If you just set min_cluster_size you'll be changing both parameters at the same time. While this is useful as a default, if you are looking at what happens under varying parameters, as you are here, it confuses things a little. I would suggest that you specify both parameters, and fix one while changing the other (and vice versa). Hopefully that may give slightly more interpretable results (although, as I said, I have not worked with the GLOSH outlier detection anywhere near as much, so I honestly can't speak to it that well).

Hopefully this is a little help, but please feel free to ask more questions (and post more pictures) and hopefully we can work this out together.

dlop3469 commented 7 years ago

Hi, thanks for your answer!

Sure, once I finish with the project (and make some sense out of it) will come back to you regarding the documentation of it.

Regarding the problem, after reading the difference between those two parameters it makes more sense following the example on the link you mentioned.

So, I have re-run all the permutations with the values I posted before and combine the plots so that is easier to visualise. I can attach any of those separately if anyone want to see more details, but if you click on each image the resolution should be good enough to be able to read through the data.

Thanks again, I hope this helps to understand better what would be the right values to use and to explain the variations on the condensed tree for each pair of values.

Here are the results:

montage_array

lmcinnes commented 7 years ago

Thanks, it will take me a while to have time to pick through all this, but I certainly welcome any analysis and commentary you have to share as you look at how this all works.

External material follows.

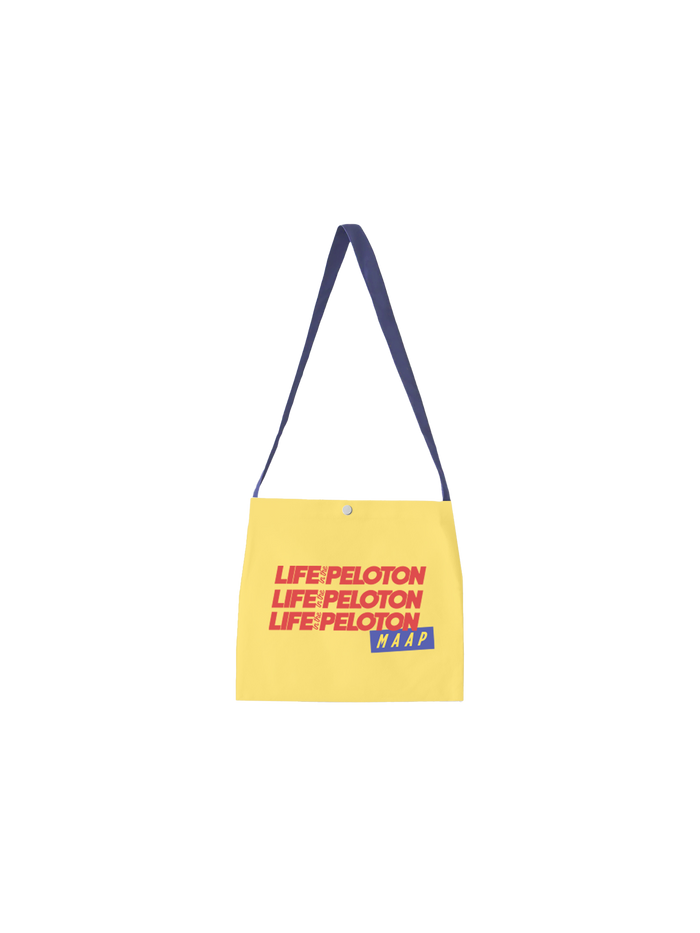MAAP x LITP Musette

dlop3469 commented 7 years ago

Hi,

Thanks for your help. This is what I can see so far:

On the first plot, min_cluster_size=10 and min_samples=3 seems to be the one that fits better with the shape of the diagram, but as a trend the moment the min_cluster_size and min_samples is larger than 10, then the big mass on the corner starts to get divided into at least 3 clusters. In this situation, would you aim for a cluster that can consider the whole mass on the left, or would it be interesting to go with a more granular approach that will break this big cluster into smaller ones, so that you can get local differences in those cluster?
The thirds plot, regarding the different condensed trees, I can see that the larger the values on min_cluster_size and min_samples, the bigger the density of the first group. On those examples, min_cluster_size = 5 and min samples=3 has lots of small ramifications, but it ends up with just one cluster (the massive mass). On the other hand, min_cluster_size=15 and min_samples=3 has more different groups (6), as displayed on the first plot, where the big mass has been split into smaller clusters. In this context, although I understand how each configuration relates to each condensed tree graph, I do not know how to make a good judgement when looking into different condensed graphs to decide whether a configuration is better than the other. Should I aim for long lived clusters (eg lambda value = 6), for a more even clustering (like 15,3) or for a cluster where the leafs are the end clusters or vice-versa?
When plotting the outlier distribution, some graphs will go up to the lowest percentile, and then go down from there, but others like min_cluster_size=15 and min_samples=30, or min_cluster_size=10 and min_samples-30 or min+cluster_size=30 and min_samples-15 are shaped like an "M", where they go up and down until the 40th percentile. Since we are just interested normally on the 95th percentile it should be fine since in all the cases is low anyway, but I wonder why is that happening. Any thoughts?
And finally, the end plot of outliers, seems to have a common theme. The point at the top right is always marked as anomalous, but the tendency is that the top right corner of points (which are separated from the big mass) will be marked as anomalous too. In some configurations, where the big mass has split into a few clusters they will also have some anomalies detected, which I guess is due to be close to the border with the following cluster. But there are some interesting examples (like min_cluster_size=10 and min_samples=3) that even if they have cluster the green mass as a single group they are highlighting a group of points on the right within the big cluster as anomalous, which makes me think that those might be very unique.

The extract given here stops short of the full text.